Leader of Cambridgeshire County Council
- Incumbent
- Assumed office 18 May 2021
- Deputy: Lorna Dupré
- Preceded by: Steve Count

Lib Dem Group Leader on Cambridgeshire County Council
- Incumbent
- Assumed office May 2015
- Deputy: Maurice Leeke David Jenkins Lorna Dupré
- Preceded by: Maurice Leeke

Member of the European Parliament for East of England
- In office 2 July 2019 – 31 January 2020
- Preceded by: David Campbell Bannerman
- Succeeded by: Constituency abolished

Cambridgeshire County Councillor for Newnham (2009-2025), Cambourne (2025-
- Incumbent
- Assumed office 4 June 2009
- Preceded by: Alexander Reid
- Majority: 548 (23.0%)

Personal details
- Born: Lucy Kathleen Sellwood 6 February 1973 (age 53) Southampton, England
- Party: Liberal Democrats
- Spouse: Andrew Nethsingha

= Lucy Nethsingha =

British politician (born 1973)

Lucy Kathleen Nethsingha (née Sellwood; born 6 February 1973) is a British Liberal Democrat politician who has served as Leader of Cambridgeshire County Council since 2021, and leader of the Liberal Democrat group on the council since 2015. She was a Member of the European Parliament (MEP) for the East of England from 2019 until 2020.

==Early life==
Born in Southampton in 1973, she attended the comprehensive Penair School, in Truro, to the age of 16. She attended the sixth form of the independent Truro School, then gained a BSc degree in Psychology from the University of Southampton.

== Politics ==
Nethsingha served as a Liberal Democrat councillor on Gloucester City Council from 2004 to 2008. After moving to Cambridgeshire, Nethsingha was elected for the Newnham division on Cambridgeshire County Council as a Liberal Democrat at the 2009 election, and has been leader of the Liberal Democrat Group on the council since 2015 (she had previously been deputy leader since 2011).

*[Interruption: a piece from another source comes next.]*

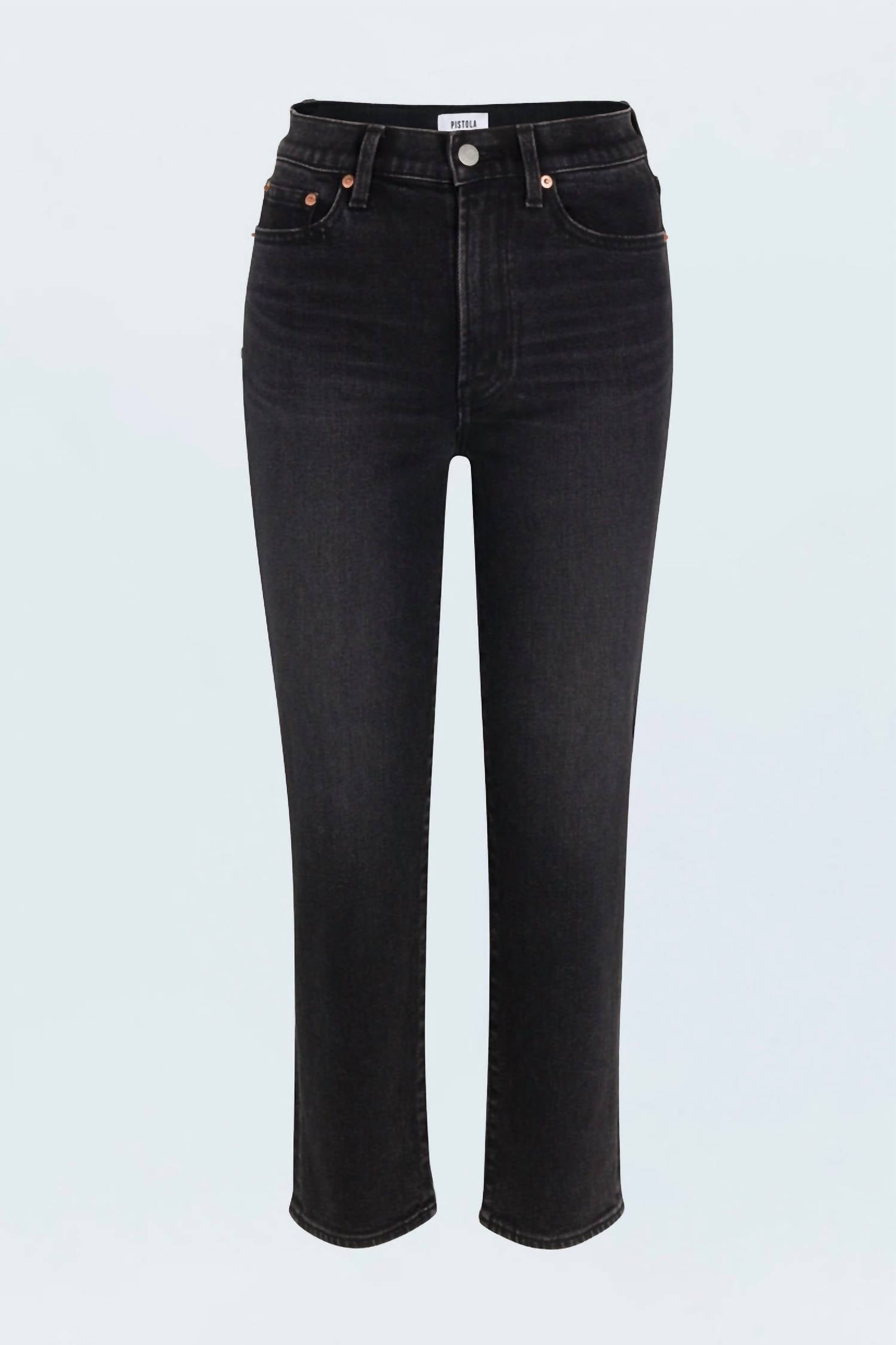 Pistola - Charlie High Rise Classic Straight Jeans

At the 2025 Cambridgeshire County Council election she was elected for the Cambourne division and the Liberal Democrats took majority control of the county council. From 2016 to 2024, she also represented the Newnham ward on Cambridge City Council.

She unsuccessfully contested the North East Cambridgeshire parliamentary constituency in the 2015 general election, finishing in fourth place out of five candidates with 2,314 votes (4.5%). In the snap general election held two years later, she contested South East Cambridgeshire and finished last out of three candidates with 11,958 votes (19.0%).

Nethsingha became a Member of the European Parliament in the 2019 elections, until 2020 when the United Kingdom left the EU.

After the 2021 Cambridgeshire County Council election she became leader of the council after agreeing a deal with the Labour and Independent groups.

== Personal life ==
Nethsingha grew up in Cornwall, which she states made her aware of the importance of caring for the environment. She is a teacher by profession and holds a master's degree from the University of Cambridge.

In 1996 she married Andrew Nethsingha, who has been organist and master of the choristers at Westminster Abbey since 2023. They have three children.